Putrajaya is considering using its discretionary powers to defuse what health authorities have warned is a potential Covid-19 time bomb just outside the administrative capital, MalaysiaNow has learnt.
High-level discussions in recent days have focused on the living conditions of thousands of undocumented migrant workers in nearby townships including areas surrounding Sepang, where KLIA is located.
But with the controversial mass arrests of foreign workers in central Kuala Lumpur at the height of the pandemic still fresh in memory, authorities feel there are other ways to prevent possible explosions of new virus clusters involving undocumented migrants.
“Many of them live in cramped conditions, just the recipe for a Singapore-like outbreak,” said a source familiar with the discussions, referring to the spike in Covid-19 cases involving foreign workers in the neighbouring state earlier this year.
One such location is Bandar Baru Salak Tinggi, just outside KLIA, where migrants are commonly seen living in cramped, makeshift hostels and rented rooms.
The area came under tighter restrictions on daily activities yesterday after an enhanced movement control order was declared.
“There is a potential time bomb here as many of these workers are employed at the airport as well as retail and shopping outlets in Putrajaya. An outbreak of the virus among them would be catastrophic in terms of health logistics,” the source said.
“Many of them live in cramped conditions, just the recipe for a Singapore-like outbreak.”
MalaysiaNow understands that one of the solutions on the table is to send home these migrants, most of whom lost their jobs and are trying to make ends meet on the peripheries of large towns and cities.
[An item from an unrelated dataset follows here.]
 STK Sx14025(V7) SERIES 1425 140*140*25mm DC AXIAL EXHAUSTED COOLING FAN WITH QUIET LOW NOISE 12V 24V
That means doing away with the normal immigration procedure of detaining them at depots, where hundreds of migrants contracted the virus in May this year, sparking criticism of the authorities.
Earlier this year, rights groups lashed out at the immigration authorities for detaining migrants during the height of the movement control order despite earlier assurances that the government would spare them during the pandemic.
They said detaining the migrants, who include women and children, put them at risk of contracting Covid-19 in the crowded conditions.
It is understood that the proposal to send undocumented migrants back to their countries, bypassing the detention centres as well as prosecution, is provided for under law.
The Immigration Act empowers the immigration director-general to deport any foreigner without waiting for court proceedings.
“Effectively, it works like an amnesty, except in this case the undocumented migrants will have no choice but to return to their countries,” said a source familiar with high-level discussions between various agencies involved in the Covid-19 battle.
It is learnt that the proposal is under serious consideration by Prime Minister Muhyiddin Yassin, against a backdrop of past incidents where authorities were unable to effectively contain Covid-19 outbreaks at detention centres and prisons.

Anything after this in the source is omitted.